Input data:

---------------

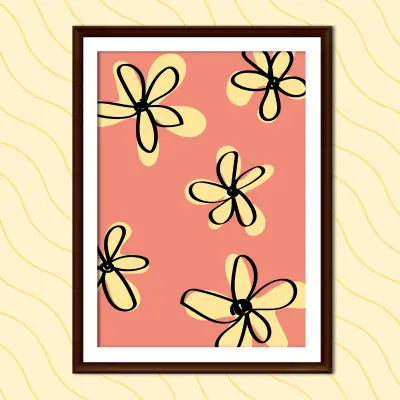 YELLOW FLOWER PRINTABLE POSTER Nikola's Printables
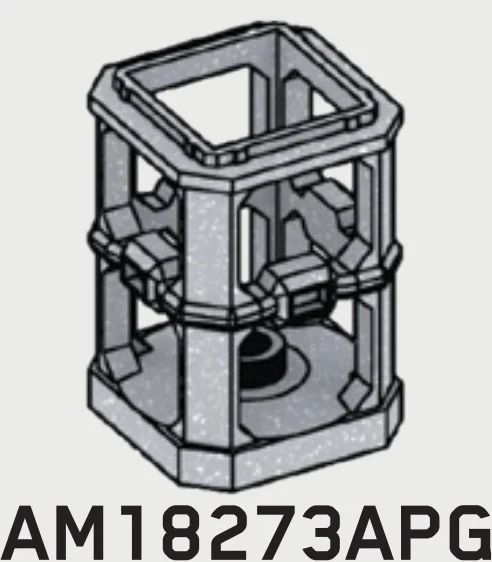 Fusion Coil - 2 x 2 x 2 Open Crate Frame in Gray, Steel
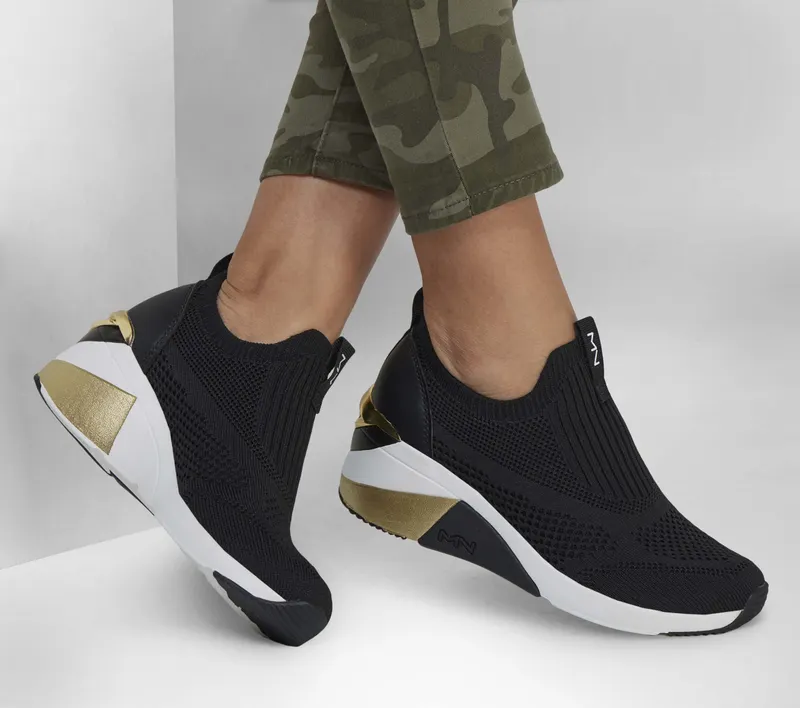 Skechers The Wedge – Etty – Zwart (133226-BLK)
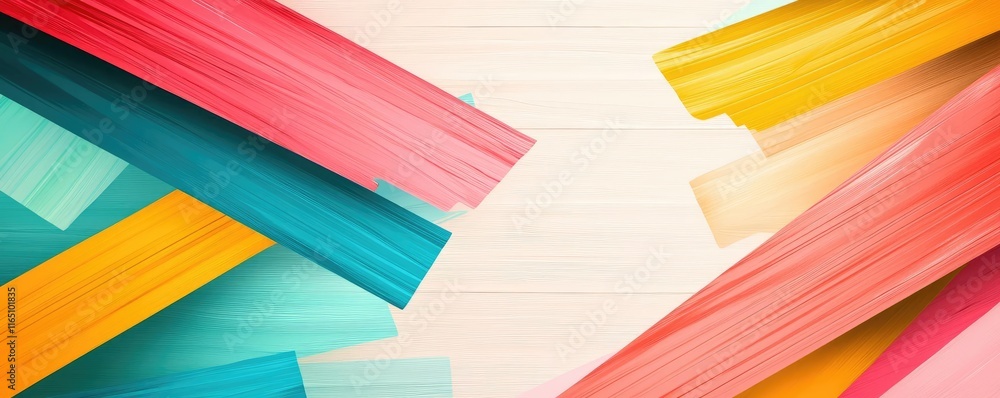 Poster graffiti abstract background concept. vibrant abstract background featuring colorful brush strokes o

---------------

Exercise instructions:
Copy out each line of the data exactly as it reads; skip the pictures.

Task answer:
 YELLOW FLOWER PRINTABLE POSTER Nikola's Printables
 Fusion Coil - 2 x 2 x 2 Open Crate Frame in Gray, Steel
 Skechers The Wedge – Etty – Zwart (133226-BLK)
 Poster graffiti abstract background concept. vibrant abstract background featuring colorful brush strokes o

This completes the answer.